Stanley Beckford — mento king

The Jamaica Observer’s Entertainment Desk continues with the 50th of its biweekly feature looking at seminal moments that have helped shape Jamaica over the past 60 years.

UNLIKE his contemporaries, four-time Jamaica Festival Song Competition winner Stanley Beckford’s star shone brightly outside of the annual contest.

The dimunitive showman had massive hits with his mento-flavoured ditties Broom Weed, Leave My Kisiloo, and Soldering.

Born in Portland, Beckford was raised by his grandparents. His career started as a rocksteady/reggae artiste in the late 1960s, but he switched to mento in the early 1970s and began playing for tourists in north coast hotels.

Up until his death on March 30, 2007 at 65, Beckford single-handedly kept the mento sound alive with a series of hit songs.

His Festival winners (twice with The Turbines, once with The Astronauts, and solo) were uptempo mento songs that featured his distinct nasal twang. Those songs were Come Sing With Me (1980), Dem A Fi Squirm (1986), Dem A Pollute (1994), and Fi Wi Island A Boom, which won in 2000.

Zac Henry, founding member of The Astronauts, describes Beckford as the consummate showman.

“I met Stanley about the late ’60s, early ’70s. He could take any song and put a mento twist to it… He was the master of ad lib; his style was special. He could dance and he always found some costume you would have to talk about,” Henry told the Jamaica Observer. “Stanley was a jovial and ‘vibesy’ person.”

Keeping mento in the mainstream was probably Beckford’s greatest accomplishment. He had big hits in the 1970s, a fertile period for roots-reggae and Rastafari.

His breakthrough song came in 1975 with the risqué Soldering, which was banned from Jamaican airwaves. Interestingly, that song was covered by an emerging American duo named Hall and Oates for their 1975 album Daryl Hall & John Oates.

Other Soldering tidbits: It was co-written by Beckford and Alvin Ranglin, who produced several of Gregory Isaacs’s hits, including Love is Overdue and Border. Beckford was backed on Soldering by Soul Syndicate, one of the top bands in reggae history.

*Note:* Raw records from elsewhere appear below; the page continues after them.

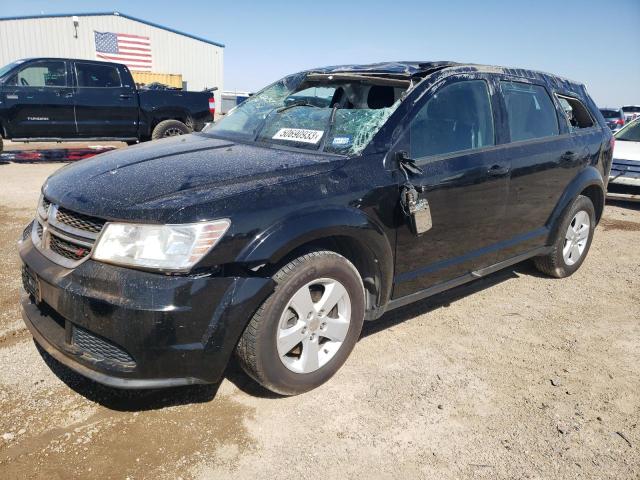 dodge journey se 2015 3c4pdcab7ft587233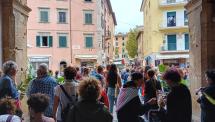 Ai ragazzi che hanno partecipato alla Manifestazione del 22 settembre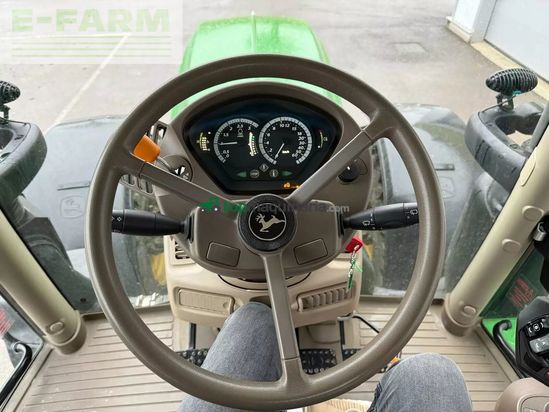 Tractor agrícola - John Deere - john derre 6250 r autopower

Broom Weed and Leave my Kisiloo were other radio-friendly Stanley Beckford songs that became favourites prior to his Festival success. Along with Soldering, they are on the 2002 album Stanley Beckford Plays Mento.

Though he was best known for mento and his Festival Song Contest triumphs, Stanley Beckford recorded a number of reggae songs, mainly for Ranglin’s G G Records. Some of his albums were distributed by companies such as Dynamic Records and Tuff Gong.

In April 2007 American author David Katz wrote a comprehensive obituary saluting Beckford’s understated legacy for Britain’s The Guardian newspaper.

“In 2001, while playing hotel performances with the Fab 5 band, he was asked by French record executives to record an album of old-time mento for the European market. On Stanley Beckford Plays Mento, released by Barclay, Beckford was backed by the Blue Glaze band, one of the island’s top mento groups, with additional harmony provided by his wife Thelma and daughter Monique. The album and European tours gave Beckford a new audience. In France he was compared to Compay Segundo of the Buena Vista Social Club and his success there led to the 2004 follow-up Reggaemento released by Warners.”

Proof that Stanley Beckford was much more than a Festival and mento singer.